Однако в начале следующего, 1924 года умирает Ленин. А 6 июня того же года Луначарскому удаётся с большим размахом отпраздновать 125-летие со дня рождения Пушкина.
На торжественном вечере в Большом театре сам Луначарский произносит двухчасовую речь. С речью о Пушкине выступает и Вячеслав Иванов, один из последних могикан дореволюционной культуры, оставшийся в СССР, которого Луначарский специально вызвал для этого из Баку. (В свое время Луначарский был завсегдатаем «башни» Иванова, подолгу споря с Розановым, Мережковским и Бердяевым, в пику «богоискательству» которого и измыслил своё «богостроительство».)
Это большое чествование Пушкина становится переломным. И с этого момента отношение к культуре в СССР начинает радикально меняться. Традиционалисты («правые», как называет их Луначарский) выдвигают лозунг «Назад к Пушкину!».
Есенин называет Пушкина своим самым любимым поэтом. Даже вышедший из разгромленного Лениным Пролеткульта революционно-оголтелый РАПП (Российская ассоциация пролетарских писателей) выдвигает лозунг «Учёба у классиков». Сам вождь ЛЕФа Маяковский, еще пять лет назад грозивший поставить Пушкина к стенке, теперь утверждает, что знает «Онегина» наизусть!

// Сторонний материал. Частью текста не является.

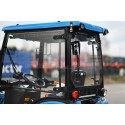 LS Traktor XJ25 HST s kabinou a travními pneumatikami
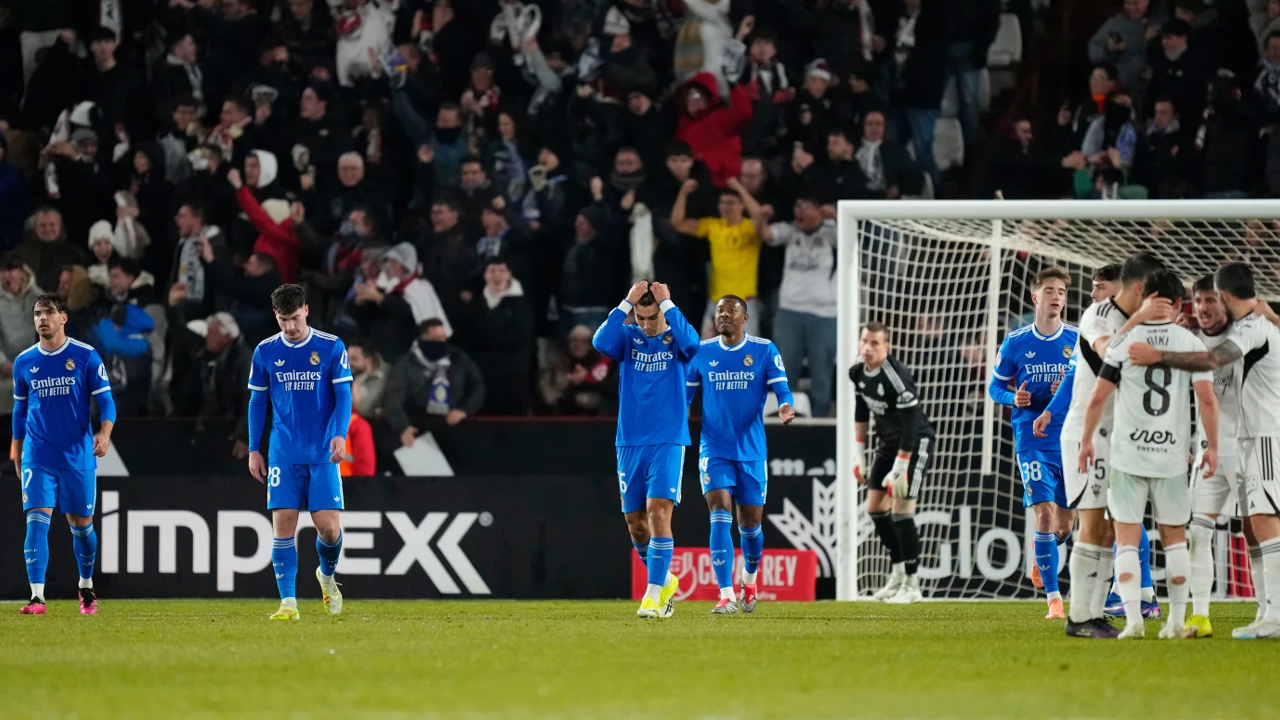 নতুন কোচের অভিষেকে কোপা দেল রেত থেকে বিদায় রিয়াল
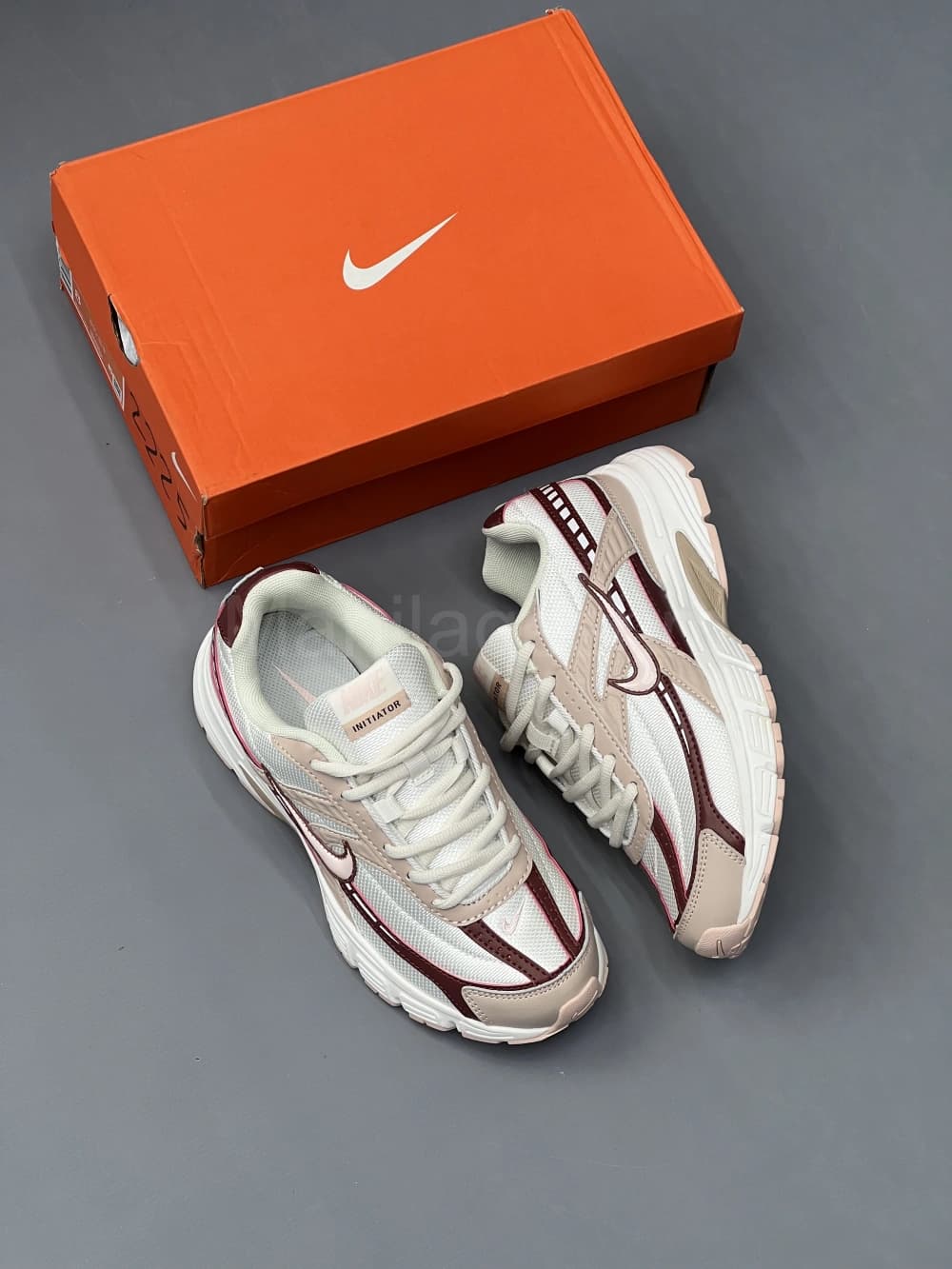 کفش نایک اینیشیتور صورتی قرمز Nike Initiator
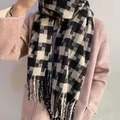 Écharpe épaisse en maille pied-de-poule noir et blanc avec franges pour l'hiver - Noir et Blanc Mosaïque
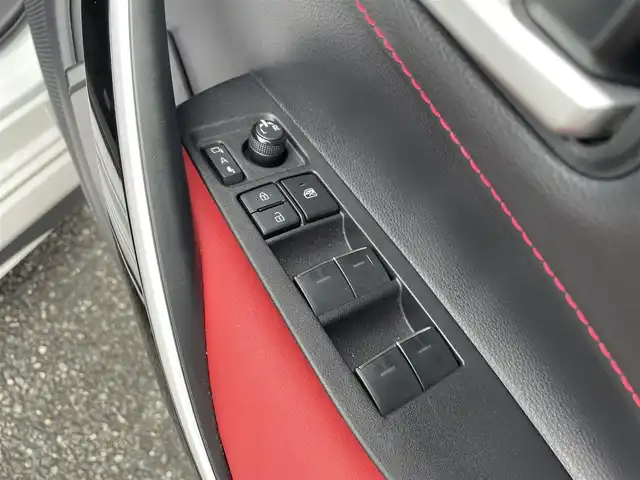 トヨタ カローラ スポーツ ハイブリッドG Z 熊本県 2022(令4)年 4.6万km プラチナホワイトパールマイカ ワンオーナー/純正ディスプレイオーディオ/・AM/FM/USB/BT/・AppleCarPlay/AndroidAuto/・フルセグTV/バックカメラ/トヨタセーフティセンス/・レーントレーシングアシスト/・プリクラッシュセーフティ/・クリアランスソナー/・パーキングサポートブレーキ/・ロードサインアシスト/・レーダークルーズコントロール/・オートマチックハイビーム/前後コーナーセンサー/革巻きステアリング/・ステアリングリモコン/ハーフレザーシート/・D/N席シートヒーター/オートライト/・LEDライト/・フォグランプ/・ヘッドライトレベライザー/MODELISTAフルエアロ/電動サイドブレーキ/・ホールドボタン/電動格納ミラー/・ウィンカーミラー/トノカバー/純正フロアマット/純正アルミホイール/純正ドアバイザー/スマートキー/・スペアキー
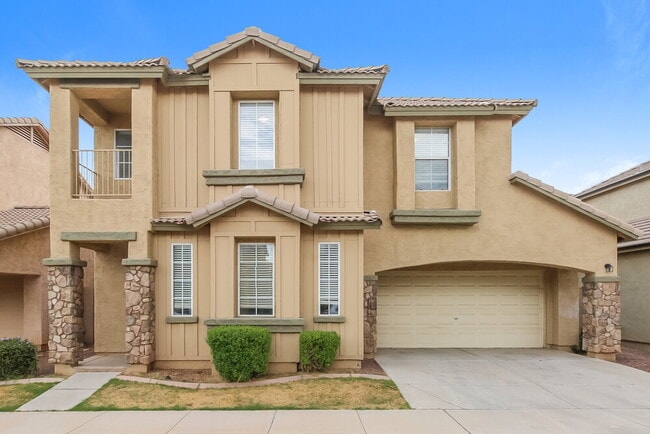 property at 5208 W Warner St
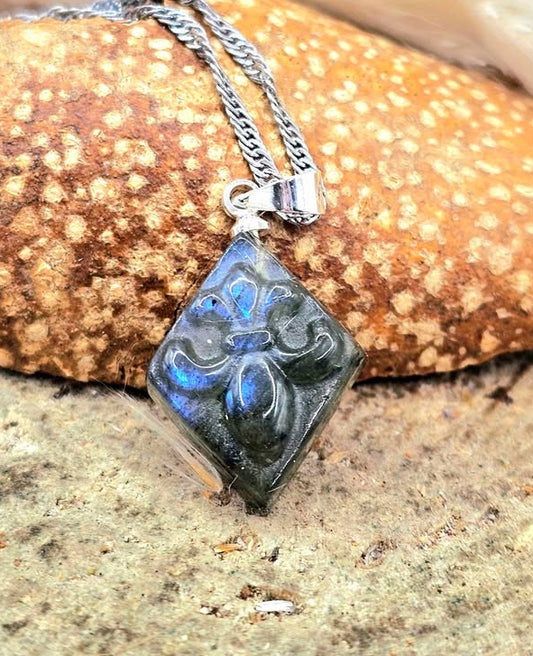 Nature Labradorite Carved Fleur-de-lis Symbol Tile Pendant Necklace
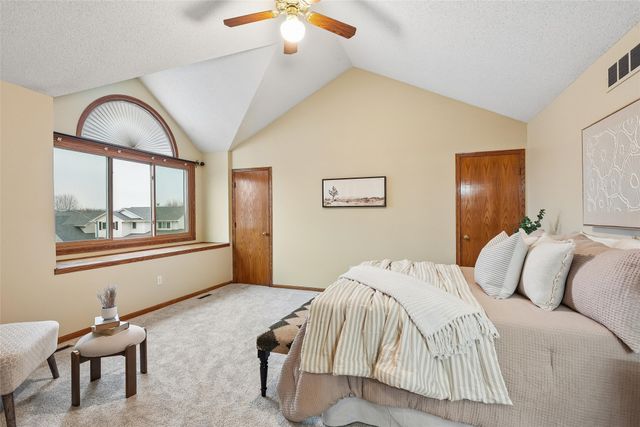 284 58th Court, West Des Moines, IA 50266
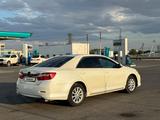 Toyota Camry 2014 года за 7 800 000 тг. в Жезказган – фото 2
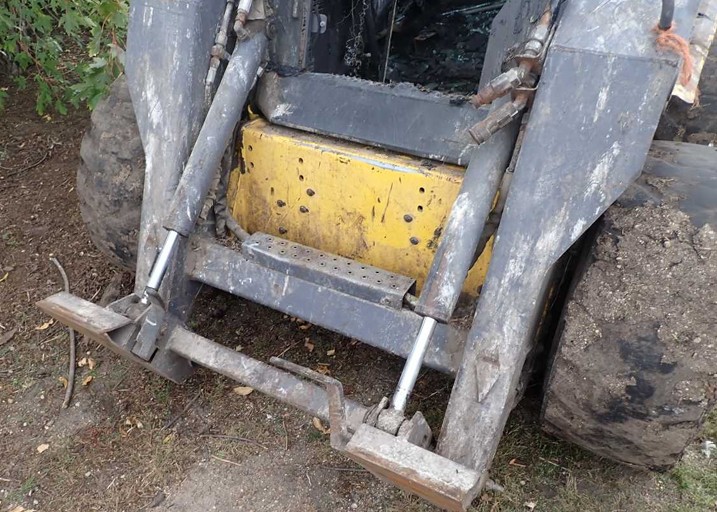 2000 New Holland LS180 Skid Steer - Image 15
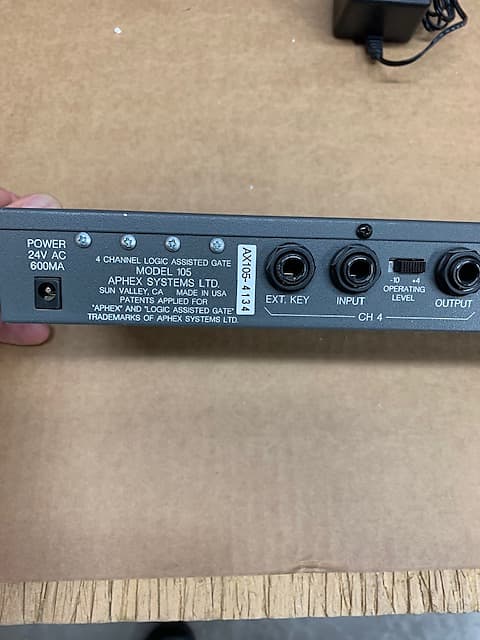 Aphex 105 logic assisted gate 1997 | Reverb Canada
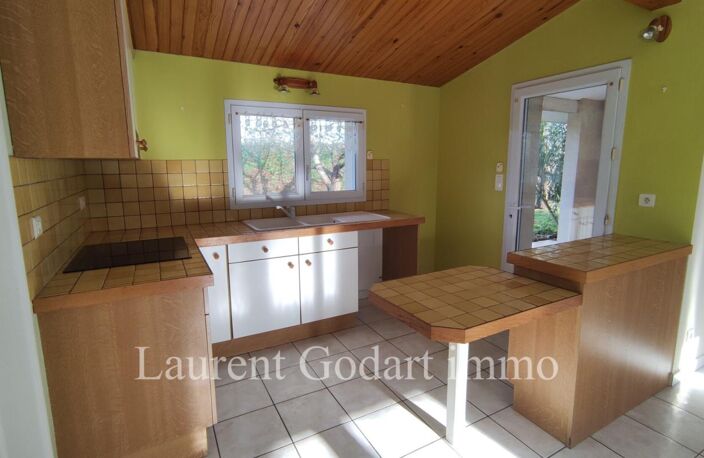 Maison 3 chambres, garage, jardin, abri voiture et puits — photo 3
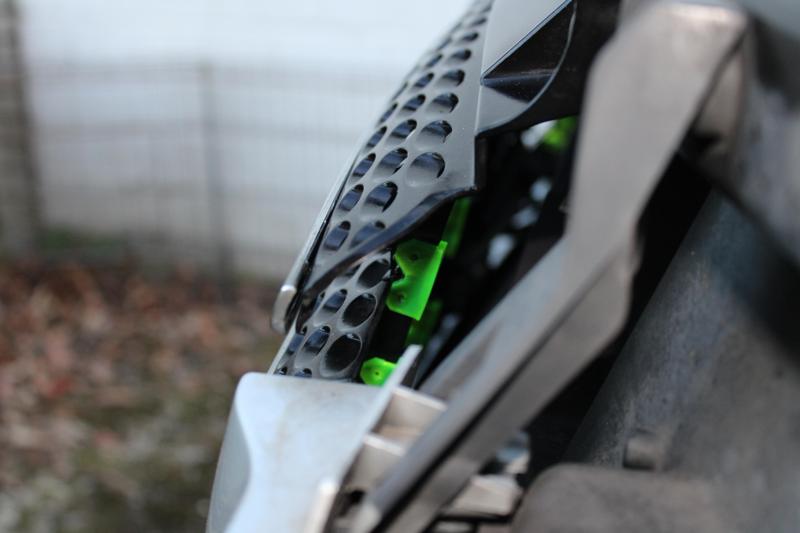 W639 - Front Grill Fixers - for A6398800985 - Viano / Vito Mercedes Benz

Все это с удовлетворением отмечает Луначарский и делает вывод: «Стало совершенно бесспорным, что Пушкин сейчас ослепительно воскресает». Почему? Очень просто: «Пока кипит бой, пока бой заглушает все остальное, Некрасов может быть ближе нам, чем Пушкин. Но вот бой проходит, новый, необычайно свежий класс начинает вступать в свои права наследника, зачинает свое колоссальное небывалое культурное строительство».
То, что «Пушкин ослепительно воскресает», одновременно означает и то, что позиция Троцкого терпит фатальное поражение.
Однако что же заставляло Луначарского столь ревностно защищать классическое наследие? Дело в том, что взгляды Луначарского, Богданова, Горького далеко отстояли от классического марксизма. «Эмпириомонизм» и «богостроительство», которые они исповедовали, были скорее атеистической версией русского всеединства, густо замешанного на ницшеанстве.
Богостроители верили в будущее единое Сверхчеловечество, которому суждено обрести невиданную прежде гармонию и шагнуть «из царства необходимости в царство свободы»; Сверхчеловечество, которому, возможно, дано будет преодолеть ветхую и создать новую вселенную, обретя при этом всечеловеческое бессмертие.
Вот почему в центр социалистических преобразований они ставили именно культурное строительство. И вот почему главным делом своего культурного строительства они считали творение «сверхчеловеков».
Первым таким сотворенным Луначарским – Горьким сотоварищи «живее всех живых – сверхчеловеком» стал Ленин. Следующим (уже в сфере не политики, а культуры) – Пушкин.
Впрочем, до настоящего прославления Пушкина в качестве «социалистического святого» ни Горький, ни Луначарский не доживут. Это
Это «прославление» станет знаком окончательного «перерождения» большевизма из культурного погрома первых революционных лет в нечто совсем непохожее, в некоторых своих чертах даже приближающееся к традициям классической русской империи.